**WHAT YOU HAVE TO DO:**
Restate verbatim the span of lines below between the line with "У Тячеві через" and the line with "ここ、沐浴する場所だったらしい", including those two lines, and only that span.

*** Opening INPUT RECORDS ***

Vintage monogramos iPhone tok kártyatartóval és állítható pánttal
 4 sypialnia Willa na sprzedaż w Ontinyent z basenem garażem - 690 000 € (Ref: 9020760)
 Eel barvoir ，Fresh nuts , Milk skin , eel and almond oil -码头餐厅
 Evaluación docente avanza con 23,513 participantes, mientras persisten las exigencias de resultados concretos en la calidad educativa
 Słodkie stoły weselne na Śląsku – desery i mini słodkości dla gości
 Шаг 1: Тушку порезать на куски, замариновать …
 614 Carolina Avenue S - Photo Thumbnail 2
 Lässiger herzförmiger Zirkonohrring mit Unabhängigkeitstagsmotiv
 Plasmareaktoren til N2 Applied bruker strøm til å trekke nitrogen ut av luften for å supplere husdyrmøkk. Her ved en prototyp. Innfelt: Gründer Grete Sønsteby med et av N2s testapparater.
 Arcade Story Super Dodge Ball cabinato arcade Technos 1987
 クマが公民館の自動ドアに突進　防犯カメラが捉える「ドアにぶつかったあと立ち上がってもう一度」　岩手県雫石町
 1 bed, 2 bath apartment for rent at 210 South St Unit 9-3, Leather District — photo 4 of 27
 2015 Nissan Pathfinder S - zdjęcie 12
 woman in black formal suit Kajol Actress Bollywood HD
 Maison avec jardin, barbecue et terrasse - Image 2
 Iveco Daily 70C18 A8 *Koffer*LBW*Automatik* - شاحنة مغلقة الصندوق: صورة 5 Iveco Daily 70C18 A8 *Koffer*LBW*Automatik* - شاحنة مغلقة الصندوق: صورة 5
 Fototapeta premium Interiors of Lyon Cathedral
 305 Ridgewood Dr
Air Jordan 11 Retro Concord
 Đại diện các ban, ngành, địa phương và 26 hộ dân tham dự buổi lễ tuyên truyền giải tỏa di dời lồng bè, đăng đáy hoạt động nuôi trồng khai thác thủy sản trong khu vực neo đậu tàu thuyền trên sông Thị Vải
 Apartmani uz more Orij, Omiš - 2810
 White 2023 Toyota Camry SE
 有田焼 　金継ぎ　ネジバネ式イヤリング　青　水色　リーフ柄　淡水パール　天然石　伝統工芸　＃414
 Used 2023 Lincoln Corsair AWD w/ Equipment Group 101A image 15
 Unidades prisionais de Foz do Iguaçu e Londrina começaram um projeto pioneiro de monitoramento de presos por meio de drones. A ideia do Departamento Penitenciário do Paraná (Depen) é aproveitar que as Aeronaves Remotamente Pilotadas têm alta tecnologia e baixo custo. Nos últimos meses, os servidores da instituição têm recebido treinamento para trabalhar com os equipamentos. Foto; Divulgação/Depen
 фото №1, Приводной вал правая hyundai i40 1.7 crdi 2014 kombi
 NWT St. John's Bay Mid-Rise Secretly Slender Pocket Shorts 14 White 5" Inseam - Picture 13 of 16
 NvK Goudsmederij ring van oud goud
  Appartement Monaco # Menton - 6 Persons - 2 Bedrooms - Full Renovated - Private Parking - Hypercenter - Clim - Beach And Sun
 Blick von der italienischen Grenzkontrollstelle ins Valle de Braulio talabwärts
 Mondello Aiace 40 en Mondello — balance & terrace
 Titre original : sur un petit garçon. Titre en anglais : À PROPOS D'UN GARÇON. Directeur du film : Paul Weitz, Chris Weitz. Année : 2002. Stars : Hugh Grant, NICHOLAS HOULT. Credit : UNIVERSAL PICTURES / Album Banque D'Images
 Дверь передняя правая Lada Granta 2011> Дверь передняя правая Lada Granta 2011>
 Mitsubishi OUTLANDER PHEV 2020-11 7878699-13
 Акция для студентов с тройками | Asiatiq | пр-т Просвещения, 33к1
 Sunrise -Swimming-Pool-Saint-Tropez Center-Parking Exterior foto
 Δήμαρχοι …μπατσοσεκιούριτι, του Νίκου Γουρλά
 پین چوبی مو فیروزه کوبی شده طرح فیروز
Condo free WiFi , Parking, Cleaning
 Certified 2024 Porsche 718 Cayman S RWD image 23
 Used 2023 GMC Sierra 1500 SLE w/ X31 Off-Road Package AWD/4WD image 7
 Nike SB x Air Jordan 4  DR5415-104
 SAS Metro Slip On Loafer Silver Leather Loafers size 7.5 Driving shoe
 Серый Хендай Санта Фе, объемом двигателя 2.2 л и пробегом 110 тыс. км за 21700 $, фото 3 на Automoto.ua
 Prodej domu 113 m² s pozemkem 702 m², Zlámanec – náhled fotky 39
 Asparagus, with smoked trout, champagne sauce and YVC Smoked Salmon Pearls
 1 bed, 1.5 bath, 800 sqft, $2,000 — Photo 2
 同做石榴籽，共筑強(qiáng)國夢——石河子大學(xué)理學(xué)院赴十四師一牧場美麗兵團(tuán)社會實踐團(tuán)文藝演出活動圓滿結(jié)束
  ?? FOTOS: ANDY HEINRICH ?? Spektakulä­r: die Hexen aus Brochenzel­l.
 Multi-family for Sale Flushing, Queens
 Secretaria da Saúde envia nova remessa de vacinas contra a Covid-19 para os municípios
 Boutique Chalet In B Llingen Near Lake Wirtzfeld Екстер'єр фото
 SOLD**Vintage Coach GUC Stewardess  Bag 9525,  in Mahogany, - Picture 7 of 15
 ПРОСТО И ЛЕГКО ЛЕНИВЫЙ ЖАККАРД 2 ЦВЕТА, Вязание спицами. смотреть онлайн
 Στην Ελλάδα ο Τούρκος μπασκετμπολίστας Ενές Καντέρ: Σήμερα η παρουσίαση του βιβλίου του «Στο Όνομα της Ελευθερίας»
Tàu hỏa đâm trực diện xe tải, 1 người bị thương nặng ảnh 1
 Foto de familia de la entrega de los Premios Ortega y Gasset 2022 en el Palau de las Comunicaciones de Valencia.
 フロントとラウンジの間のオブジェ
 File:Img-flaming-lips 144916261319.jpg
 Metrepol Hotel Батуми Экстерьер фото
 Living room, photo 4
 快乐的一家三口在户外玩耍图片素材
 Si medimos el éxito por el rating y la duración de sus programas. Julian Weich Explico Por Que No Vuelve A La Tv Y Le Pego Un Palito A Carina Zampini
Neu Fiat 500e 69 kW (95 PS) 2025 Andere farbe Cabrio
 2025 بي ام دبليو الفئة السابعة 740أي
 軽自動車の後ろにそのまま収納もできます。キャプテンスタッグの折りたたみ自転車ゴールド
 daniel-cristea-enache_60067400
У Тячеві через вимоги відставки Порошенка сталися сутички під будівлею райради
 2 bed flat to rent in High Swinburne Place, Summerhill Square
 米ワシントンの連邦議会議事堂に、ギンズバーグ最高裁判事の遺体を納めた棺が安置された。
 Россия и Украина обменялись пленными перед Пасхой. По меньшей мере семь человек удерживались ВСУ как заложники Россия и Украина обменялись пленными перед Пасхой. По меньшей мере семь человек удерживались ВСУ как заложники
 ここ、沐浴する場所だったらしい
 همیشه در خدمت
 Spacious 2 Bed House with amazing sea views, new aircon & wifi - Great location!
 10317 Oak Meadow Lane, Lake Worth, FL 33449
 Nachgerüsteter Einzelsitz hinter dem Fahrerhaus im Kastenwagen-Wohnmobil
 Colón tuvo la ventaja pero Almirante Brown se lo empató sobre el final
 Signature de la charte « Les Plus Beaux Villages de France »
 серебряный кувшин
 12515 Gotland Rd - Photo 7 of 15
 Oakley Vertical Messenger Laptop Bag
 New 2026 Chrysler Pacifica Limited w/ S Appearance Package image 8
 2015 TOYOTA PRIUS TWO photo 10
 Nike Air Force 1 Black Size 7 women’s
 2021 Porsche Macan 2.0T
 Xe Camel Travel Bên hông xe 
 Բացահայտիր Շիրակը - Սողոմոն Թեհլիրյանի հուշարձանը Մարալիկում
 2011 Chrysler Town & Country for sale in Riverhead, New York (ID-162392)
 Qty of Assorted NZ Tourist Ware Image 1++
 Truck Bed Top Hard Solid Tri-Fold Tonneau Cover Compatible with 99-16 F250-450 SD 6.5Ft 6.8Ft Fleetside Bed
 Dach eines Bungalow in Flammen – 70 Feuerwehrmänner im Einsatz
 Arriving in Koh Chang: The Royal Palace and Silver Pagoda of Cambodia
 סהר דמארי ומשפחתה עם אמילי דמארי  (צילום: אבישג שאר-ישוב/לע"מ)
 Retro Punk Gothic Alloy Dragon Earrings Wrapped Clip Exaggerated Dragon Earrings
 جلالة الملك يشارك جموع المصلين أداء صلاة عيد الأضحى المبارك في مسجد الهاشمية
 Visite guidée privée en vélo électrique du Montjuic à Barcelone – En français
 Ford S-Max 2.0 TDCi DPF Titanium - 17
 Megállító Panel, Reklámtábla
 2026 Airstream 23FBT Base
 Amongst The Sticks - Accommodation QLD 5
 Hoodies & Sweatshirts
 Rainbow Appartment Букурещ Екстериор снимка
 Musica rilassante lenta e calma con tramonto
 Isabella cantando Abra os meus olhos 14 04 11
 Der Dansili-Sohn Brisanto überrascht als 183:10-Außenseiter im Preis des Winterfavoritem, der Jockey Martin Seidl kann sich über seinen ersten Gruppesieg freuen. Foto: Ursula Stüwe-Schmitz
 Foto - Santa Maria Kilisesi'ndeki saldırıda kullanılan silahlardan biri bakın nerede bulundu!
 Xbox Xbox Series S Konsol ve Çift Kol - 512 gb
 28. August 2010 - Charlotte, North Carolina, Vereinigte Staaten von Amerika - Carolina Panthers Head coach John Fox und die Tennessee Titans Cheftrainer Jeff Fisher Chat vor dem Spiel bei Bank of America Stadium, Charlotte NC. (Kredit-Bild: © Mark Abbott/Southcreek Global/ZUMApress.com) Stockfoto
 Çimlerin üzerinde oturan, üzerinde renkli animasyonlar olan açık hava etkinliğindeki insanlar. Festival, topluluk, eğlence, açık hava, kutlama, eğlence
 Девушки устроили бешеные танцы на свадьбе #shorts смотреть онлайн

*** Closing INPUT RECORDS ***

**TASK OUTPUT:**
У Тячеві через вимоги відставки Порошенка сталися сутички під будівлею райради
 2 bed flat to rent in High Swinburne Place, Summerhill Square
 米ワシントンの連邦議会議事堂に、ギンズバーグ最高裁判事の遺体を納めた棺が安置された。
 Россия и Украина обменялись пленными перед Пасхой. По меньшей мере семь человек удерживались ВСУ как заложники Россия и Украина обменялись пленными перед Пасхой. По меньшей мере семь человек удерживались ВСУ как заложники
 ここ、沐浴する場所だったらしい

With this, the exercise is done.